Preferably, a hood includes provisions to securely attach to a
motor vehicle. Additionally, a hood may be configured to open and
close to provide access to an engine compartment within a motor
vehicle. In some embodiments, a hood may pivot at a lateral edge of
the engine compartment to open and provide access to the engine
compartment. In other embodiments, a hood may pivot at a forward
edge of the engine compartment to open and provide access to the
engine compartment. In a preferred embodiment, a hood hinge may
secure a hood to a motor vehicle at a rearward edge of the engine
compartment and allow a hood to pivot open to provide access to an
engine compartment.
In this embodiment, hood 150 may be associated with hood hinge 201.
Generally, hood hinge 201 may be any type of hinge including, but
not limited to, detachable hood hinges, geared hood hinges, hinges
with gas shocks and other types of hinges.
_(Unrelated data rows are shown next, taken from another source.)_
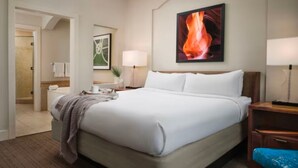 Une chambre d’hôtel avec un grand lit, une table de chevet, une lampe, un tableau encadré au mur et une vue sur la salle de bain.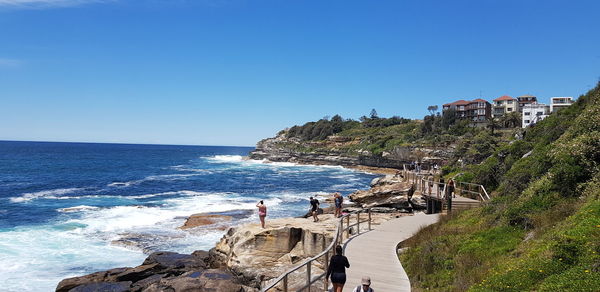 Scenic view of sea against clear blue sky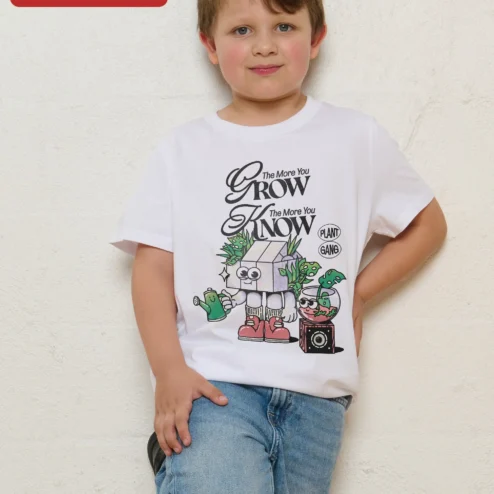 The More You Grow The More You Know Plant Gang Kids Tee Retro Cartoon Gardening Shirt on a hanger, ready to ship from Chicago, Illinois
Generally, hood hinge
201 is configured to connect hood 150 to motor vehicle 100, as well
as to allow hood 150 to open and close. In some embodiments, hood
hinge 201 may be disposed near rearward edge 154 of hood 150. In
other embodiments, hood hinge 201 may be disposed in another
location proximate to hood 150.
Preferably, hood hinge 201 comprises pivot portion 280 and lower
portion 203. In this embodiment, pivot portion 280 may be
configured to attach directly to motor vehicle 100. Likewise, lower
portion 203 may be configured to attach to, and pivot with respect
to, pivot portion 280. Furthermore, lower portion 203 may also be
configured to connect with hood 150. Using this arrangement, hood
hinge 201 may allow hood 150 to connect to, and pivot with respect
to, motor vehicle 100.
In some embodiments, a hood hinge may include additional provisions
to secure the hood hinge to a hood. In some cases, the hood hinge
may be reinforced to prevent a fracture during a collision. In
other embodiments, a lower portion of a hood hinge may be
reinforced where the hood hinge fastens to a hood. In a preferred
embodiment, a hood hinge may include additional portions to fasten
the hood hinge to a hood.
In the current embodiment, hood hinge 201 further includes upper
portion 202. Upper portion 202 may be disposed within cavity 156 of
hood 150 to reinforce the attachment of hood hinge 201 to hood 150.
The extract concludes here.